# AI Ethics Researchers

This script creates a search query for Scopus using the IDs of authors who have published at either FAccT or AIES based on bibliographic data from Scopus. It serves as an alternative to the API search capability

+ **Input data:** Scopus metadata in csv format  
+ **Output data:** Search query in txt file for Scopus advanced search function

Developed by Tyler Reinmund  
Date: 8 June 2021

Department of Science and Technology Studies  
University College London

In [1]:
# Import libraries
import glob
import pandas as pd
import re
import string
import sys
import os

In [8]:
# Import Scopus data: FAccT and AIES publications
in_path = '' #Update file path here
all_files = glob.glob(in_path + "/*.csv")
li = []

for filename in all_files:
    df = pd.read_csv(filename, index_col=None, header=0)
    li.append(df)

full_df = pd.concat(li, axis=0, ignore_index=True, sort=False)

full_df.shape

(449, 452)

In [9]:
# Drop articles without abstracts, titles, keywords, authors, or author ID
df_clean = full_df.dropna(axis=0, subset=['Abstract', 'Title', 'Author Keywords', 'Authors', 'Author(s) ID'])

df_clean.shape

(364, 452)

In [10]:
# Create list of author IDs from "Author(s) ID" column
id_list = df_clean['Author(s) ID'].to_list()

# Concatenate articles
id_list = ''.join(id_list)

# Split each author ID into separate string
id_list = id_list.split(';')

# Remove duplicates
id_list = list(set(id_list))

# Remove any invalid entries
id_list = [x for x in id_list if x.isdigit()]

len(id_list)

996

In [12]:
# Create search query for Scopus search
id_search = ['AU-ID({}) OR '.format(s) for s in id_list] #List comprehension to include search terms for author ID 'AU-ID(string) OR '

# Concatenate all items into strings with 50 author IDs each for search
n = 50

# List comprehension to break list into sublists with 50 elements each
id_separated = [id_search[i * n:(i + 1) * n] for i in range((len(id_search) + n - 1) // n)]

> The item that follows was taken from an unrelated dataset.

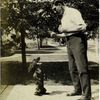 Napoleon Lajoie, Cleveland, 1907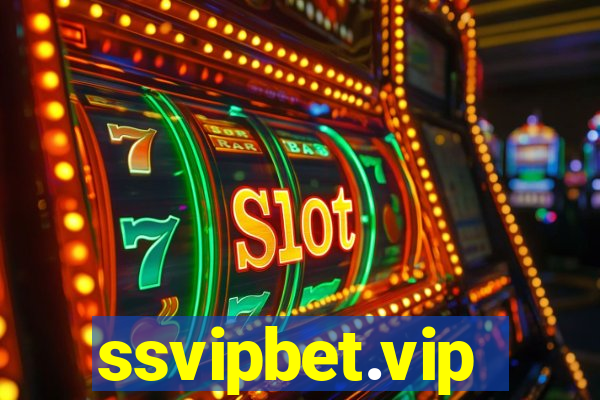 ssvipbet.vip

# For loop to save each element as a string file
out_path = '' # Update file path here to save search strings

for i in range(len(id_separated)):
    name = 'auth_id_search_{}'.format(i)
    filename = '%s.txt' % name
    sub_list = ''.join(id_separated[i])
    sub_list = sub_list[:-4:]
    print(sub_list, file=open(os.path.join(out_path, filename), 'w'))